It looks to me that mongod’s in the statefulset pods are not properly shut down.
I can see during the startup this error “Detected unclean shutdown”. Since there are a lot of collections/files to be scanned the startup takes like > 1h.
I was wondering if the shutdown can be performed gracefully like (resp. why is this not built in ?)
I am talking of kubernetes/operator where you don’t have explicit control of mongod.
A pod with a container running mongod can be shutdown any time (for ex. to be scheduled to another node). Not sure if you are aware that the operator manages at least 3 pods in a replicaset.
=> so your proposal does not make sense at all.
the shutdown needs to be included in the pod’s lifecycle (then as you suggest - a graceful shutdown)
It is not possible to run a server without some control of your own (or at least of some admin user). each server is an image after all on which you can either give customized parameters or have a new customized image if it misses something in it, for example, mongo shell.
And the command to use in your preStop hook can be the one I wrote above.
your problem can also be for the default grace period being 30 seconds. if servers take longer, then increase this with terminationGracePeriodSeconds:60 for example. in fact, why don’t you first give this a shot before diving into possibly more complicated waters of troubleshooting?
PS: shutdowns of k8s machines are not instant. they are waited up to 30 sec before stopped completely
If it works for 10k but not for 100k, I would tend to assume that the termination logic is implemented correctly.
Note that 100k collections is at least 200k number of files.
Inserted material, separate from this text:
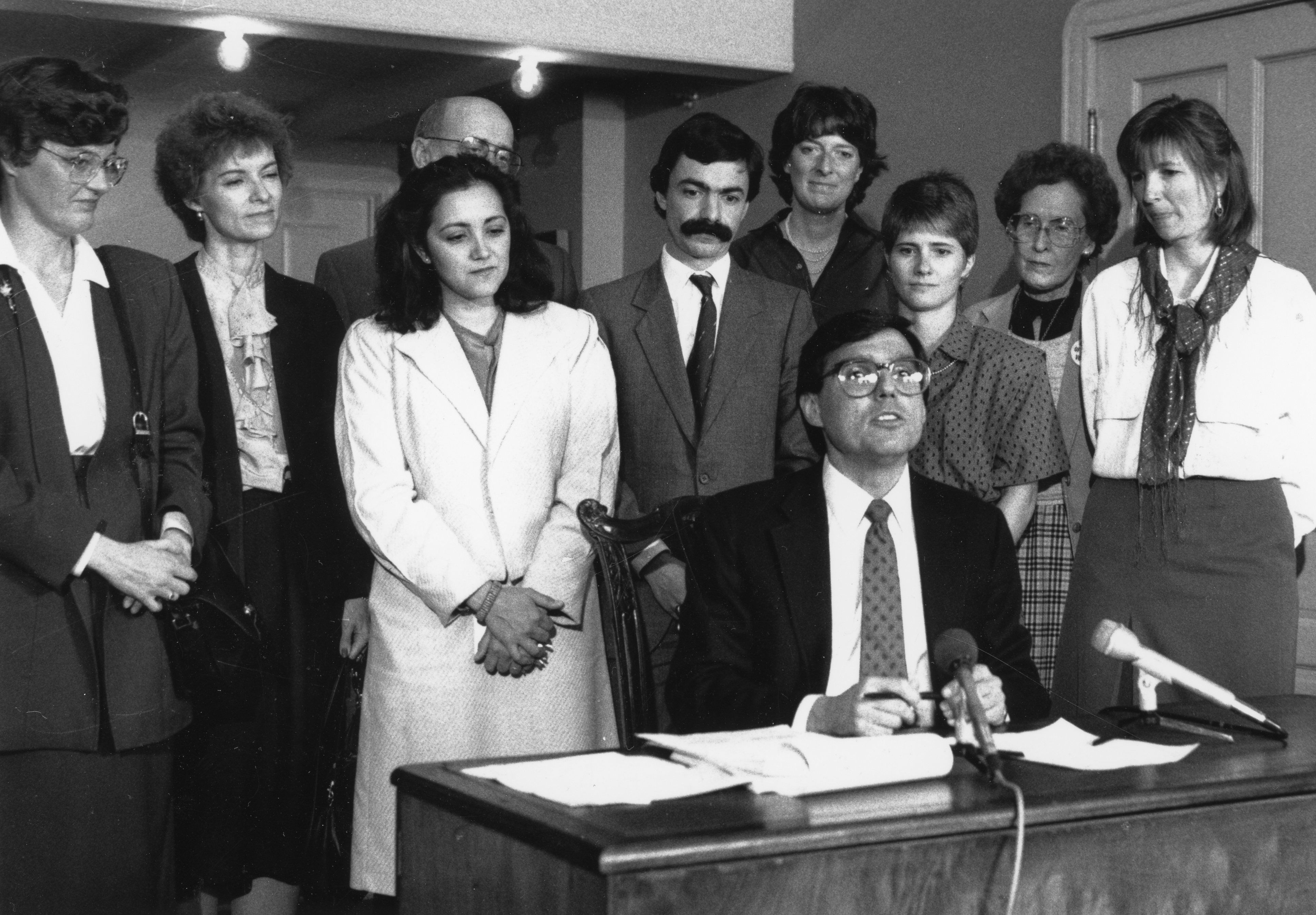 Photo of Mayor Federico Pena, sitting at a desk and talking to the media. There are papers on the desk as well as two microphones propped on the desktop and pointed toward the Mayor. He is surrounded by 9 other women and men who are there to observe the signing.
And 1 more files per index per collection. It is quite possible that the problem is related to something taking too much time to do. The following makes a lot of sense
Once the grace period has expired, the KILL signal is sent to any remaining processes
Receiving the KILL signal with generate
and the KILL signal is sent to process that are still running after terminationGracePeriodSeconds, like it might be the case when trying to flush and close 200k files.